## Your instructions
Your answer must be an exact copy of the lines below, from the first through the one with "Now if I look", with no pictures.
__________
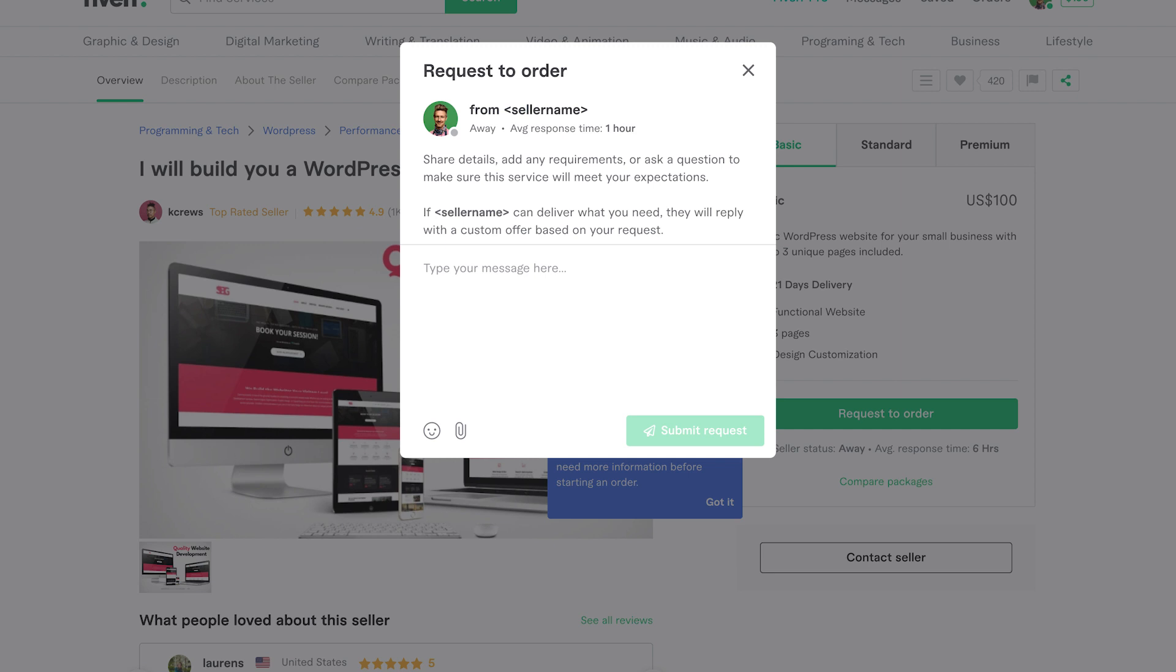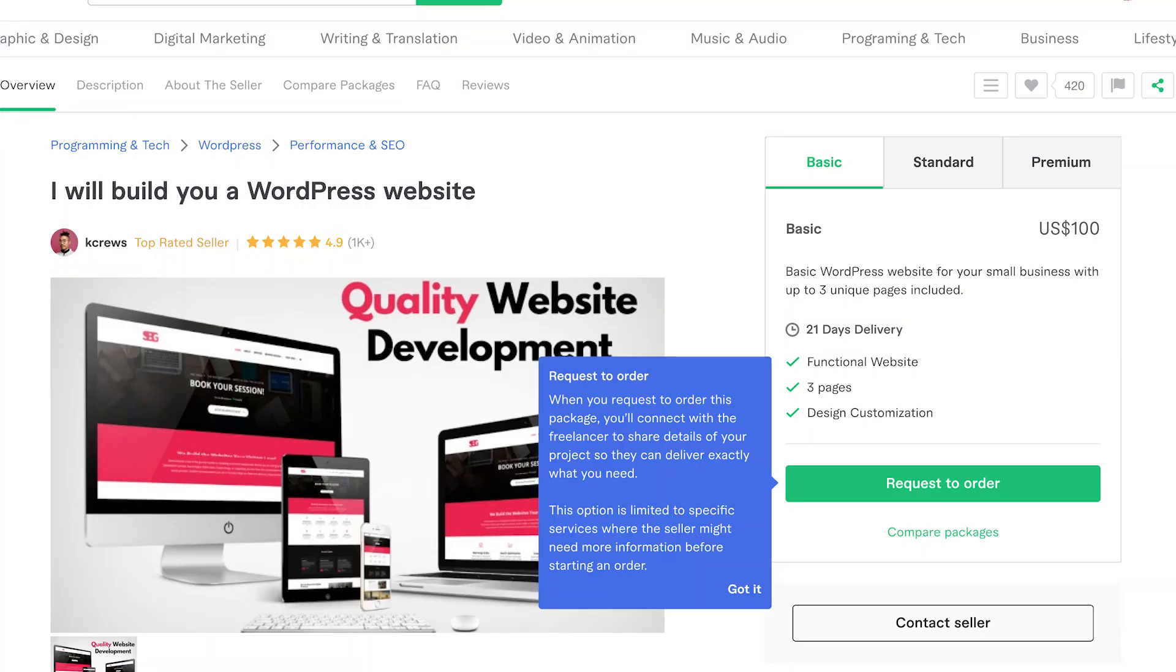Remember, being proactive in finding and responding to Buyer Requests can help you secure more work on Fiverr. So start exploring the Buyer Requests section today and boost your freelancing career. Good luck!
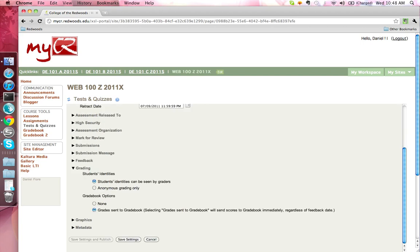Test and Quizzes is group aware and grades can be set up to automatically transfer into Gradebook and Gradebook 2.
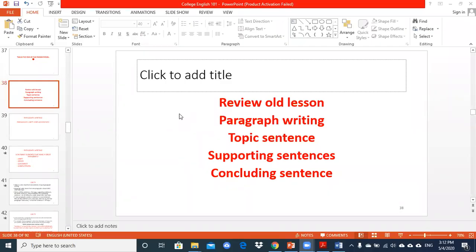Hello everyone, today we come back and learn something new, but before learning something new, let's review our lesson from last week. Okay, what did you learn last week?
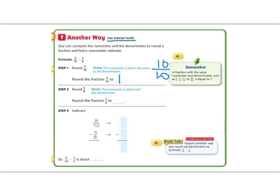Now if I look at 5/8, I know that half of 8 is 4, so 4/8 would be 1/2. Since 5/8 is pretty close to 4/8, I'm going to round that to 1/2. Now I can subtract easily: 1 minus 1/2 is 1/2. So 9/10 minus 5/8 is about 1/2.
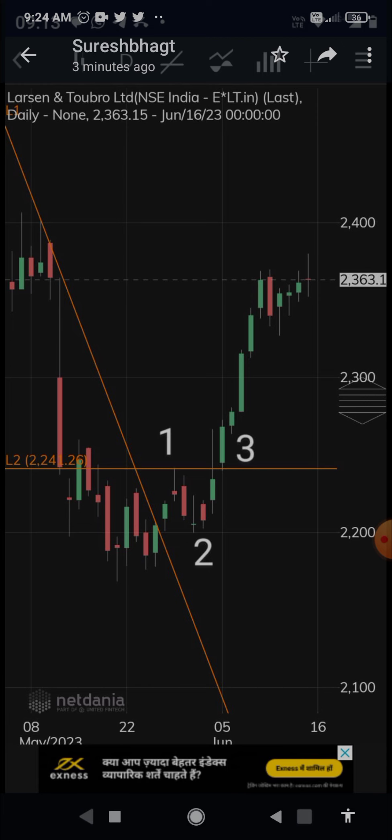This is a simple technique. You just have to find a fall, and then see whether the falling line has been violated. If the falling line has been violated, you may get a retracement, and after the retracement, if the high made after the break of the falling line is crossed, then the script is likely to go up. It is a very simple method and anybody can follow it. It can work in any time frame — not only daily, but also weekly, hourly, 30 minutes, or whatever time frame you choose.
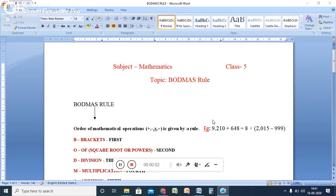Hello everyone, this is Gayatri. Welcome to channel. Today I am going to talk about one mathematical construct, that is BODMAS rule for class 5.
__________
## The answer
Remember, being proactive in finding and responding to Buyer Requests can help you secure more work on Fiverr. So start exploring the Buyer Requests section today and boost your freelancing career. Good luck!
Test and Quizzes is group aware and grades can be set up to automatically transfer into Gradebook and Gradebook 2.
Hello everyone, today we come back and learn something new, but before learning something new, let's review our lesson from last week. Okay, what did you learn last week?
Now if I look at 5/8, I know that half of 8 is 4, so 4/8 would be 1/2. Since 5/8 is pretty close to 4/8, I'm going to round that to 1/2. Now I can subtract easily: 1 minus 1/2 is 1/2. So 9/10 minus 5/8 is about 1/2.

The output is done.